• What is expected
The result should be a word-for-word retyping of the entries below, free of pictures.

Collected data entries
■ ■ ■
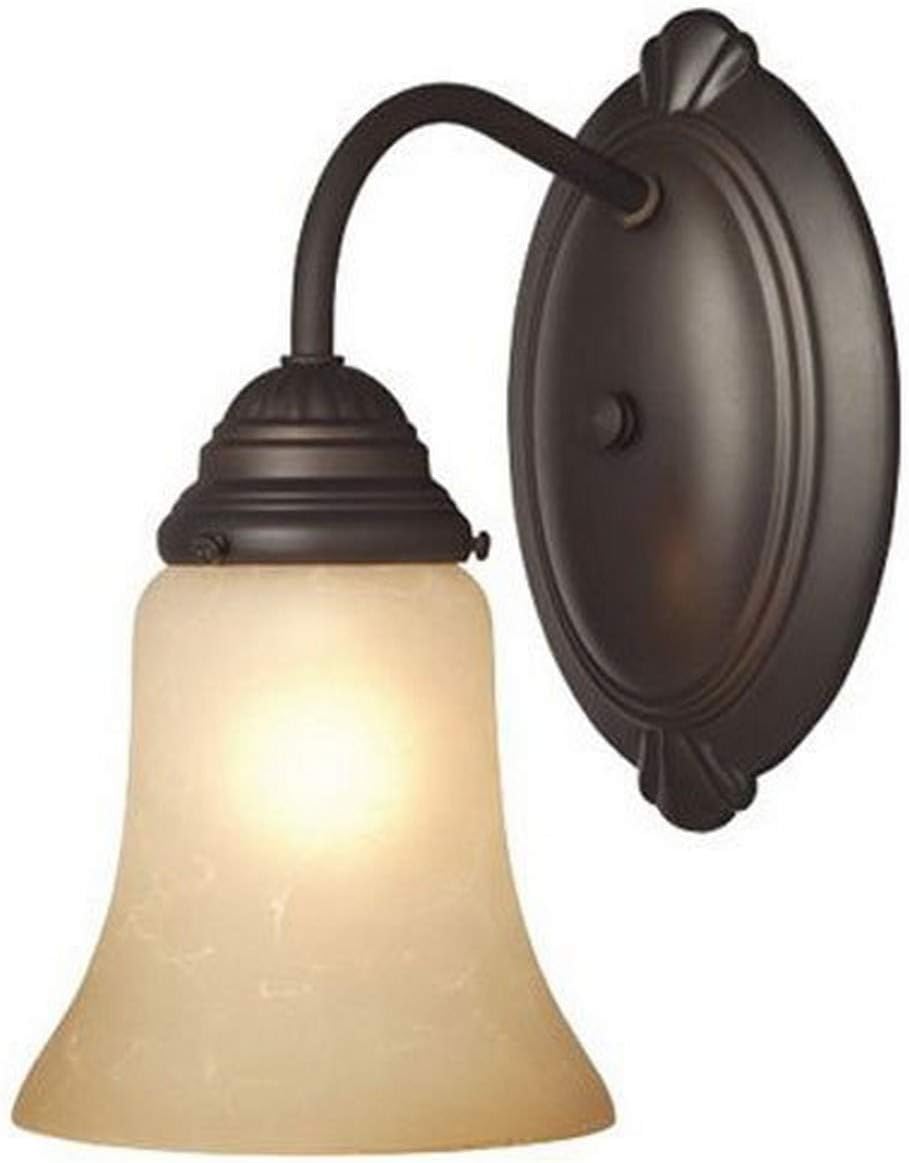 Westinghouse Lighting 6223900 Trinity II Three-Light Interior Wall Fixture, Oil Rubbed Bronze Finish with Aged Alabaster Glass Pack of 2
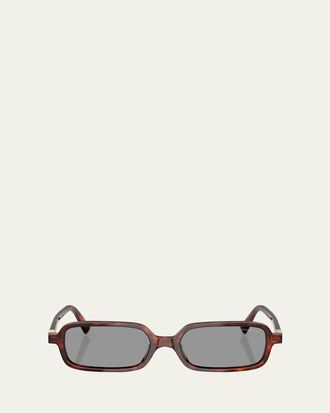 Miu Miu 11Zs Rectangular Sunglasses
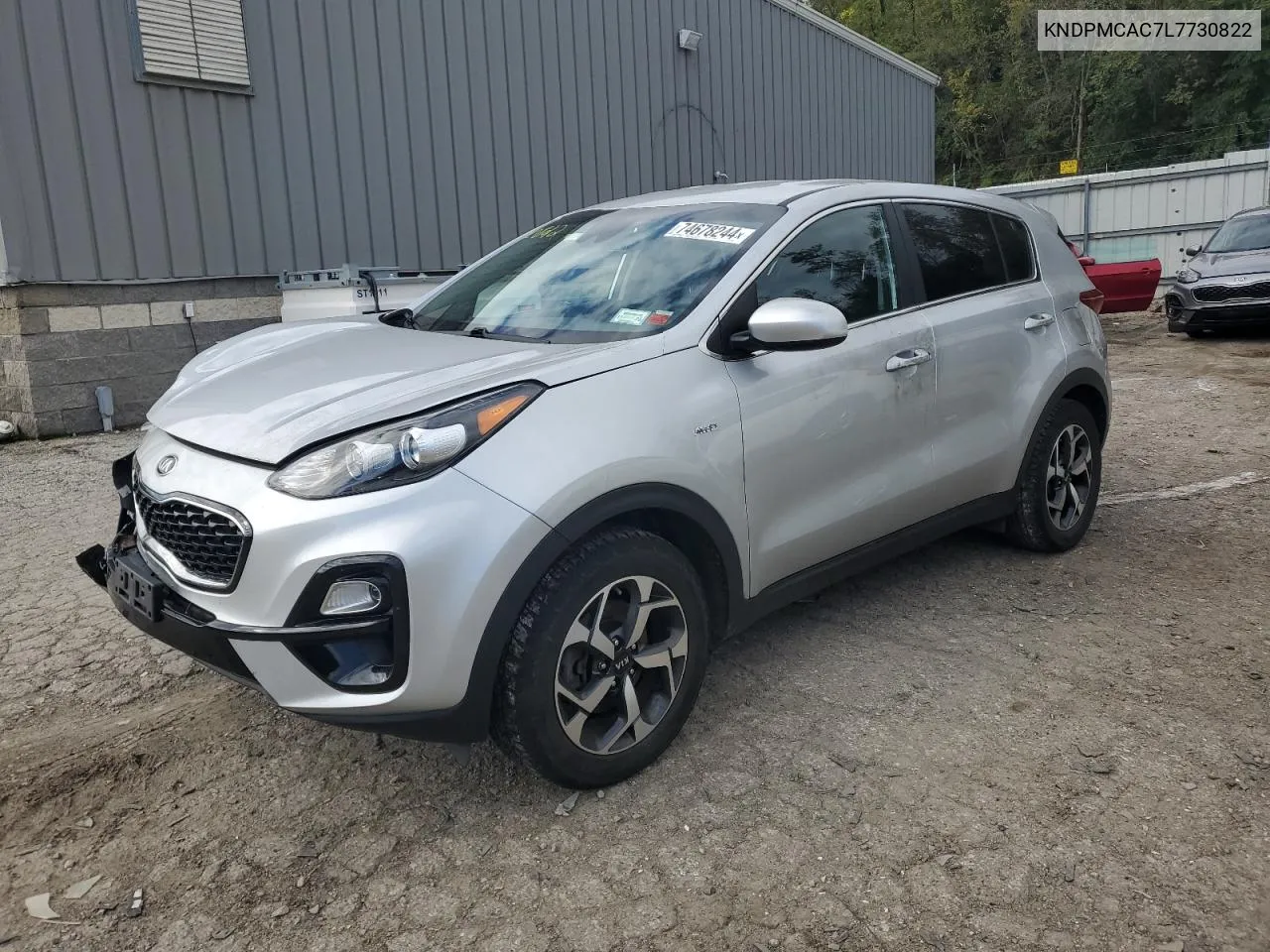 2020 Kia Sportage Lx VIN: KNDPMCAC7L7730822 Lot: 74678244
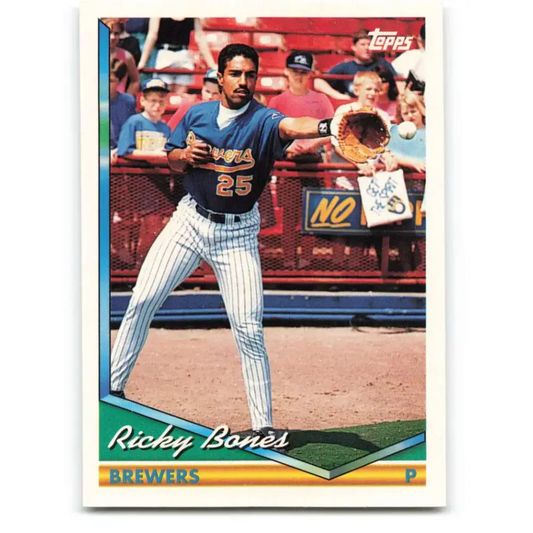 1994 Topps #367 Ricky Bones EX Excellent Milwaukee Brewers Baseball Card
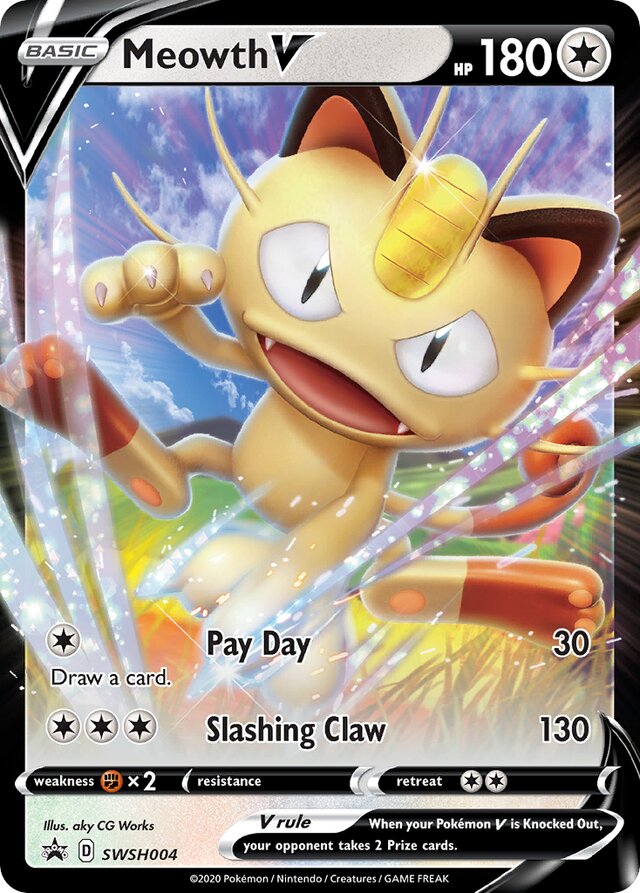 SWSH004 Meowth V SSP PROMO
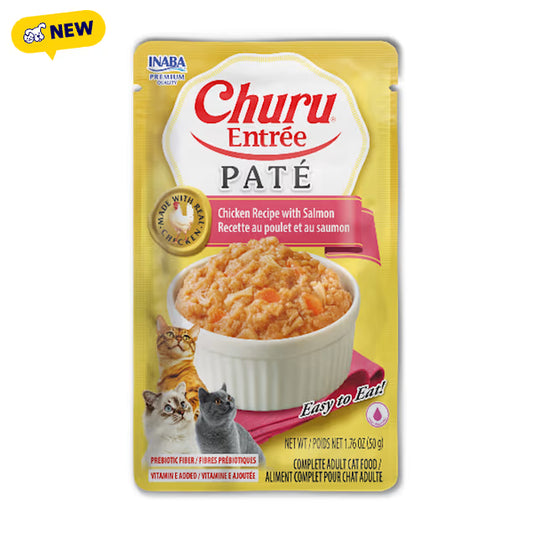 Inaba - cat Churu Chicken Recipe with Salmon Entree Pate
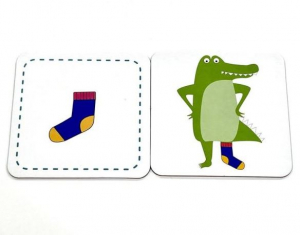 BS Toys Keresd a krokodil zokniját! társasjáték (GA350)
■ ■ ■
• Solved problem
 Westinghouse Lighting 6223900 Trinity II Three-Light Interior Wall Fixture, Oil Rubbed Bronze Finish with Aged Alabaster Glass Pack of 2
 Miu Miu 11Zs Rectangular Sunglasses
 2020 Kia Sportage Lx VIN: KNDPMCAC7L7730822 Lot: 74678244
 1994 Topps #367 Ricky Bones EX Excellent Milwaukee Brewers Baseball Card
 SWSH004 Meowth V SSP PROMO
 Inaba - cat Churu Chicken Recipe with Salmon Entree Pate
 BS Toys Keresd a krokodil zokniját! társasjáték (GA350)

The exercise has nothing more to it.